In the days that followed, nowhere did the stories flow more freely than in the memorabilia room. It had tables along all of the walls and a double row of tables down the center. Most were covered with notebooks jammed full of documents, photos, newspaper clippings and letters - about events that took place more than 60 years ago. Each group and squad had unique patches and at one table, new ones could be purchased as souvenirs.
I saw Larry McMahon paging through one of the notebooks. I had met him at the reunion in England last year. He had just discovered a picture of his crew in one of the albums. I asked what his role had been, but could have guessed by his small stature. Only small men could get into the cramped quarters the ball turret gunner had to work in.
I had seen many of the materials in England, but there were some that were new to me. One book, Nose Art, contained pictures of various items painted on the fuselage at the front of the plane. Many were just words such as "Kraut Krusher" or "Home James," but scantily-clad women were also popular with names such as "Tis Me" or "Oh, Kay!" It made me think of similar ones I had seen in my Uncle Stan's photo albums of his time in the Pacific as an aircraft mechanic.
Two other notebooks contained planning maps, indicating the location, altitude and headings during each portion of the corresponding mission. Art was going through one when one of the fellows asked, "Look up September 9, 1944. That was my first mission."
Art did and reported, "It says Ludwigshafen."
"I remember it as Mannheim," replied the soldier.
"You're right," Art answered. "The detailed report says Ludwigshafen was covered by clouds, so Mannheim was bombed instead."

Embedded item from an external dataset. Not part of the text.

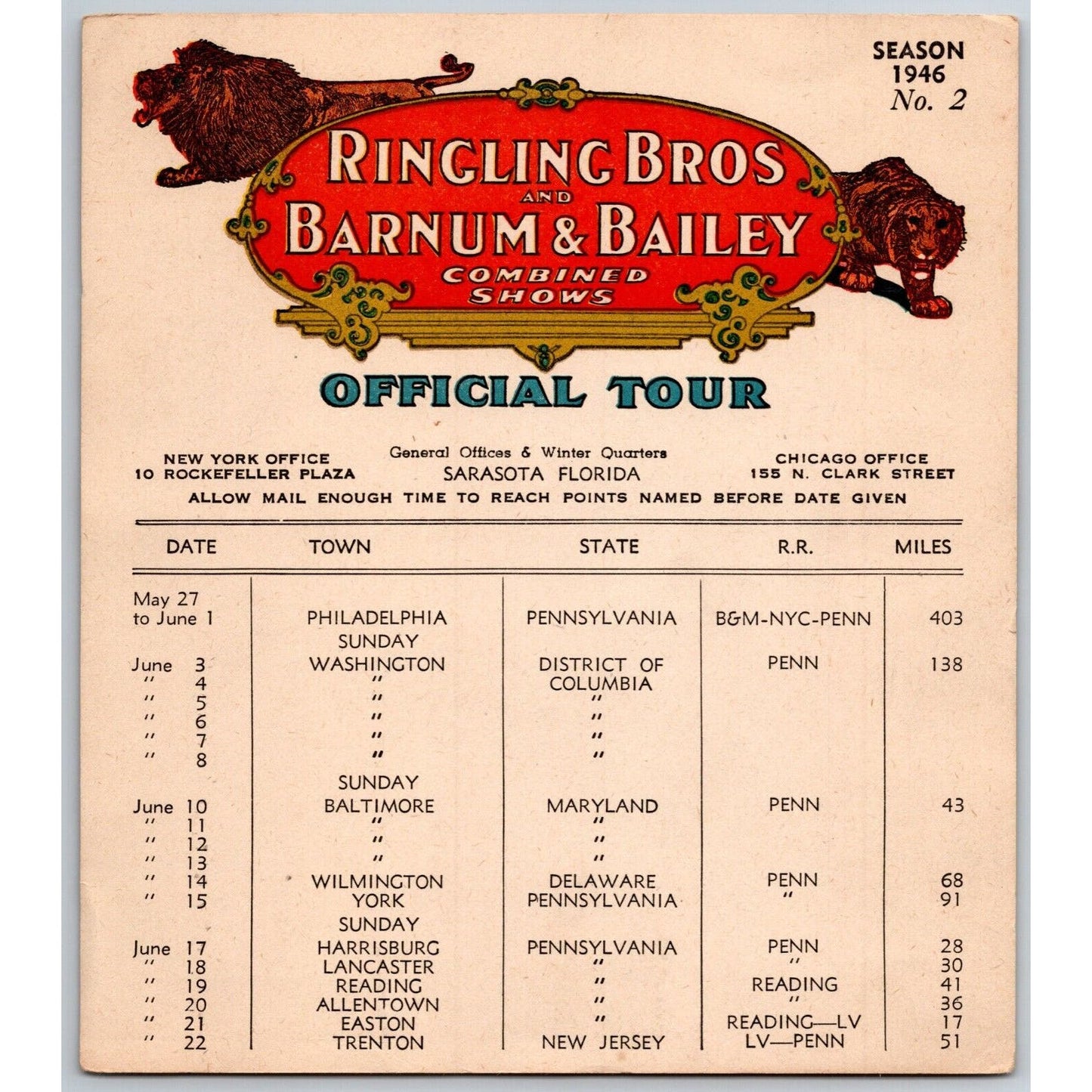 1946 Ringling Bros Barnum Bailey Circus Route Card Washington Baltimore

Similar interactions between younger attendees and the old soldiers of the Fireball group, as the 457th was called, continued throughout the reunion. The events were capped by a closing banquet during which the gavel was passed to the new association president -- a gavel containing part of the Miss Ida, one of the planes that crashed and burned, killing all but one of its crew.
Last year Art discovered his former boss at K-State was also a pilot in the 457th. So we sat with John and his wife Mildred during the banquet, along with Clara and Mavis, the widows of John's bombardier and radio operator.
Mavis was petite with hair swept up and sparkling eyes. When the 1940s-era music began, she told me she and her husband would have been the first on the dance floor. Clara said Mavis had told her she had a notion to grab one of the guys and say, "You're not dead yet. Let's dance!" Eventually she got a dance with John.
The first 457th Bomb Group reunion was in Topeka in 1973, when most of the men were near 50. Now that most are in their 80s and older, it's not likely there will be too many more reunions. More than 40 association members have died in just the past two years, including a friend of John's whom we had spent an evening with in England.
"Old soldiers never die, they just fade away," the association president said to the assembled group, quoting from General Douglas MacArthur's farewell speech to Congress. MacArthur's phrase came from a World War I British barracks ballad, which was a parody of a 19th century gospel book.
But the men and their stories haven't faded away yet. At least for this weekend, we were privileged to be with the old soldiers and to take a sentimental journey with a few of them.